II. {¶ 28} In his second assignment of error, appellant argues that the trial court did not give him a chance to voir dire a prospective juror before the trial court excused him.
{¶ 29} In the case at bar, appellant has not provided this court with a transcript of the voir dire proceedings. Absent a complete transcript, we are unable to review the facts underlying the trial court's excusal of the prospective juror.
{¶ 30} In Knapp v. Edwards Laboratories (1980), 61 Ohio St.2d 197,199, the Supreme Court of Ohio held the following: "[t]he duty to provide a transcript for appellate review falls upon the appellant. This is necessarily so because an appellant bears the burden of showing error by reference to matters in the record. See State v. Skaggs (1978),53 Ohio St. 2d 162. This principle is recognized in App. R. 9(B), which provides, in part, that `* * *the appellant shall in writing order from the reporter a complete transcript or a transcript of such parts of the proceedings not already on file as he deems necessary for inclusion in the record.* * *.' When portions of the transcript *Page 9 necessary for resolution of assigned errors are omitted from the record, the reviewing court has nothing to pass upon and thus, as to those assigned errors, the court has no choice but to presume the validity of the lower court's proceedings, and affirm."(Footnote omitted.)
{¶ 31} Without a transcript of the voir dire proceedings, appellant cannot demonstrate any error or irregularity in connection with the trial court's decision. Knapp v. Edwards Laboratories (1980),61 Ohio St. 2d 197, 199, 400 N.E.2d 384. A presumption of regularity applies to the trial court's excusing of the juror, and appellant has shown us nothing to overcome the presumption.
{¶ 32} Appellant's second assignment of error is overruled.
III. {¶ 33} In his third assignment of error, appellant maintains that the trial court erred in awarding restitution to Fifth Third Bank the financial institution that held the trust account. Appellant further argues that the amount of restitution ordered by the trial court was determined without evidence of the actual amount of the loss. We disagree, in part.
{¶ 34} The indictment in the case at bar alleged a continuing course of conduct from January 2003 through September 2005. However, State's Exhibit 14 R shows that on May 20, 2004 the balance of the trust account was $57.62.
{¶ 35} Under former R.C. 2929.18(A), a trial court imposing a sentence upon a felony offender could require the offender to pay restitution to reimburse "third parties for amounts paid to or on behalf of the victim." 148 Ohio Laws, Part IV, 8674, 8767. On June 1, 2004, the legislature amended R.C. 2929.18 to delete all references to *Page 10 restitution for third parties.

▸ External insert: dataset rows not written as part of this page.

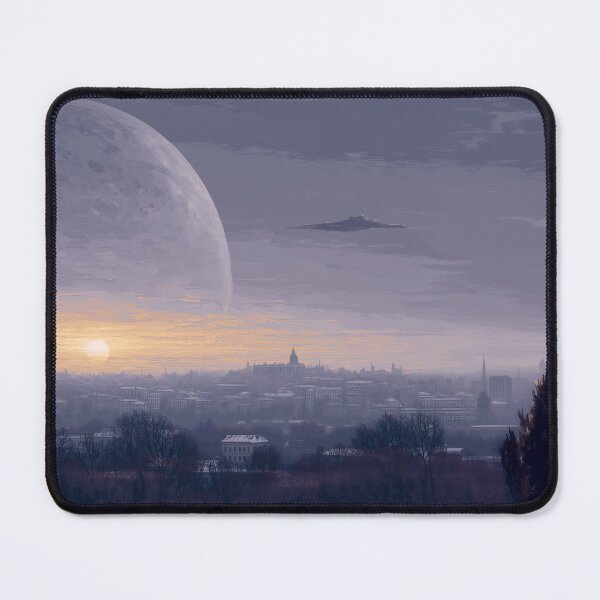 Item preview, pixel city view panorama daylight sunset mood futuristic sci fi moon landscape illustration dejco.art domin designed and sold by dejco.art.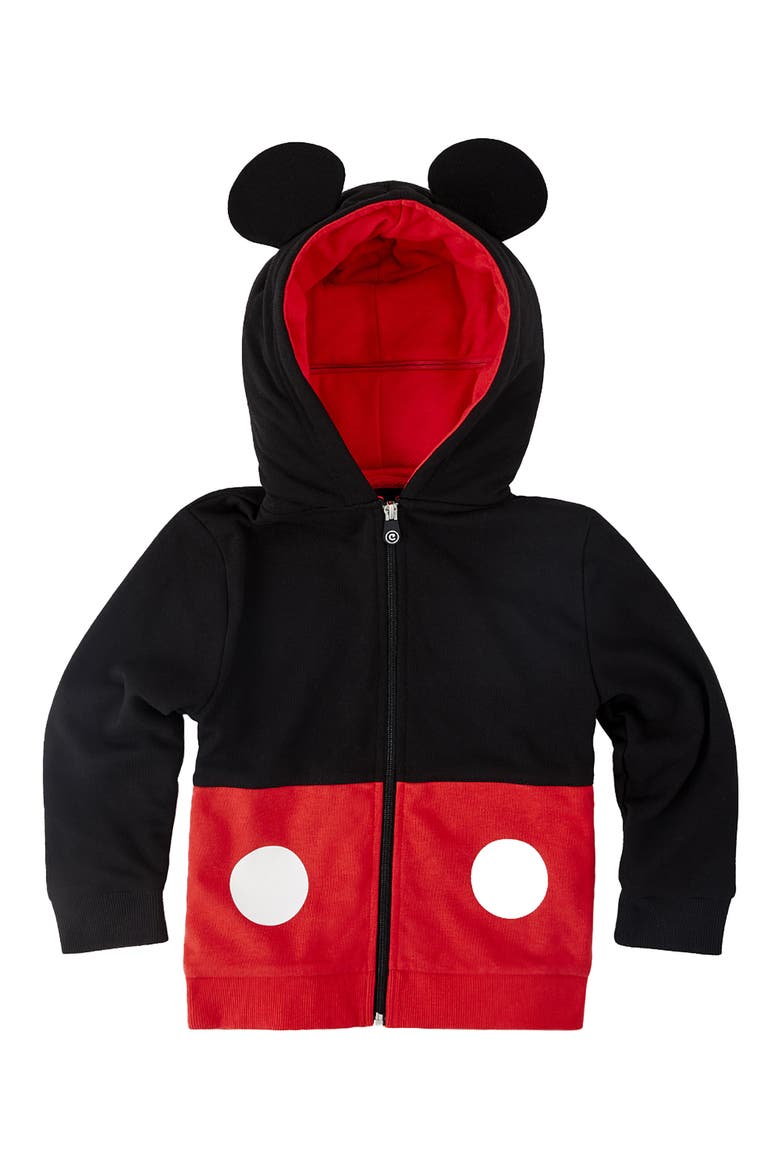 Mickey Mouse® 2-in-1 Stuffed Animal Hoodie, Alternate, color, BLACK / RED MIX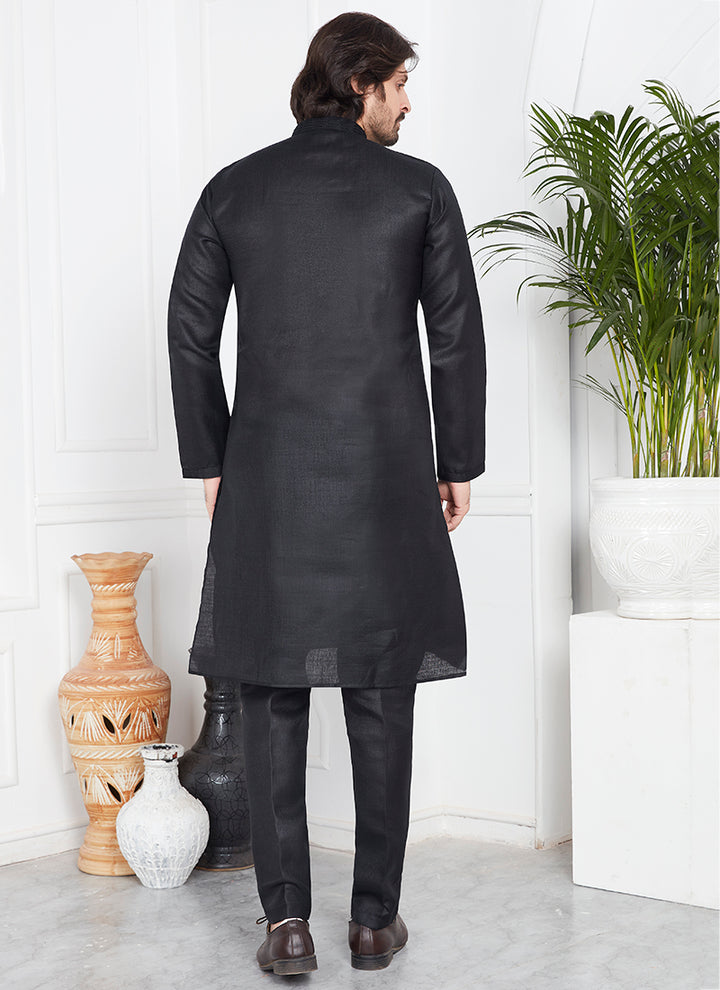 Linen Cotton Black Festival Wear Pintux Kurta Pajama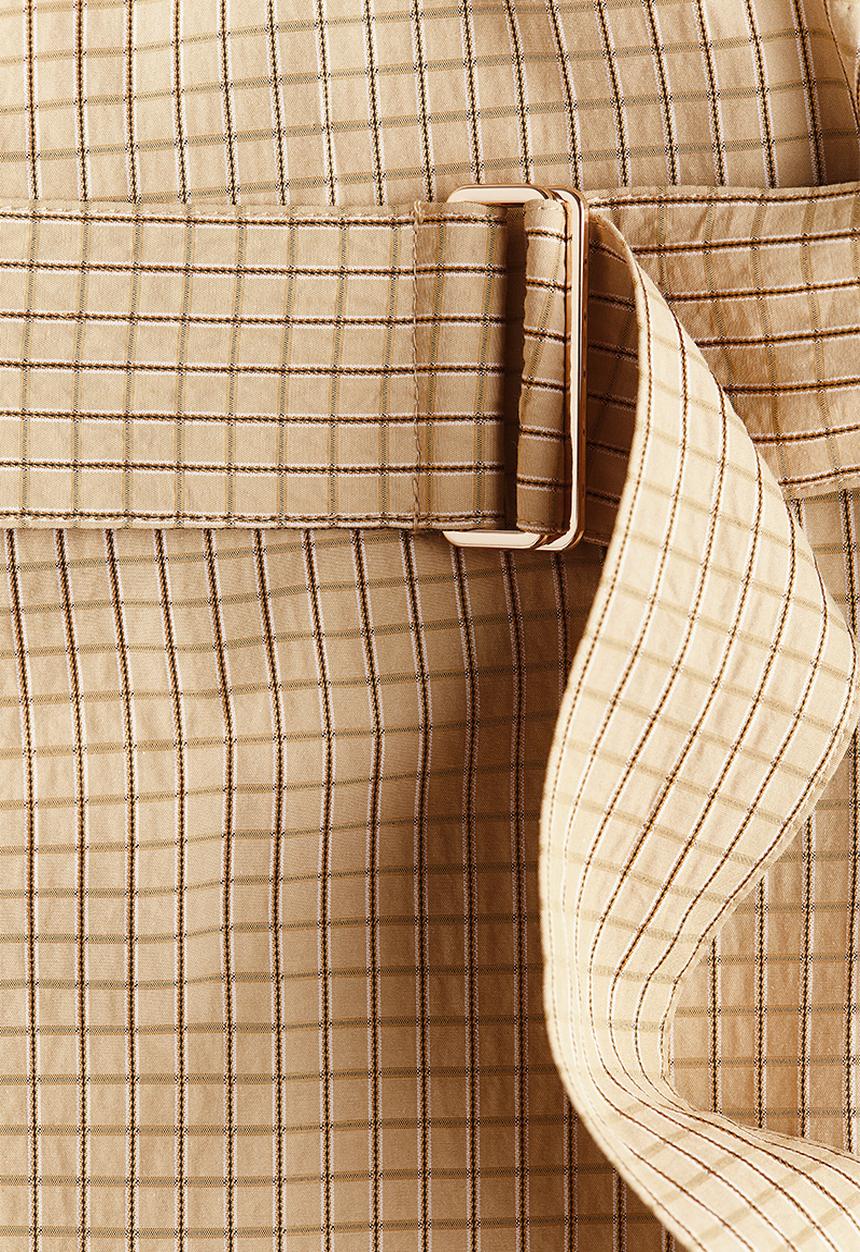 H&M - Collared midi dress - beige/checked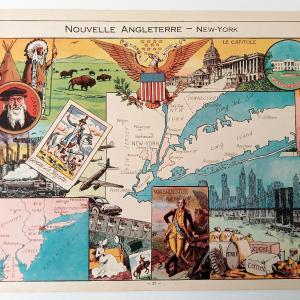 1948 New York, Long Island "Nouvelle Angleterre" Pictorial Map, Print by Joseph Porphyre Pinchon Free Shipping Genuine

See 2003 Sub. H.B. No. 52. As a result, for offenses committed after June 1, 2004, trial courts are no longer permitted to award restitution in criminal cases to third parties, including insurance carriers. State v. Kreischer (2006),109 Ohio St. 3d 391, 2006-Ohio-2706, 848 N.E.2d 496; State v. Baltzer, Fourth Dist. No. 06 CA 76, 2007-Ohio-6719 at ¶ 41.
{¶ 36} The law in effect at the time of the offense, January 2003 to and including May 20, 2004, authorized the trial court to award restitution to third parties.
{¶ 37} R.C. 2929.18(A) in effect at the time provided:
{¶ 38} "[T]he court imposing a sentence upon an offender for a felony may sentence the offender to any financial sanction or combination of financial sanctions authorized under this section * * * Financial sanctions that may be imposed pursuant to this section include, but are not limited to, the following:
{¶ 39} "(1) Restitution by the offender to the victim of the offender's crime * * * in an amount based on the victim's economic loss. * * * [T]he restitution * * * may include a requirement thatreimbursement be made to third parties for amounts paid to or on behalfof the victim * * * for economic loss resulting from the offense." (Emphasis added.)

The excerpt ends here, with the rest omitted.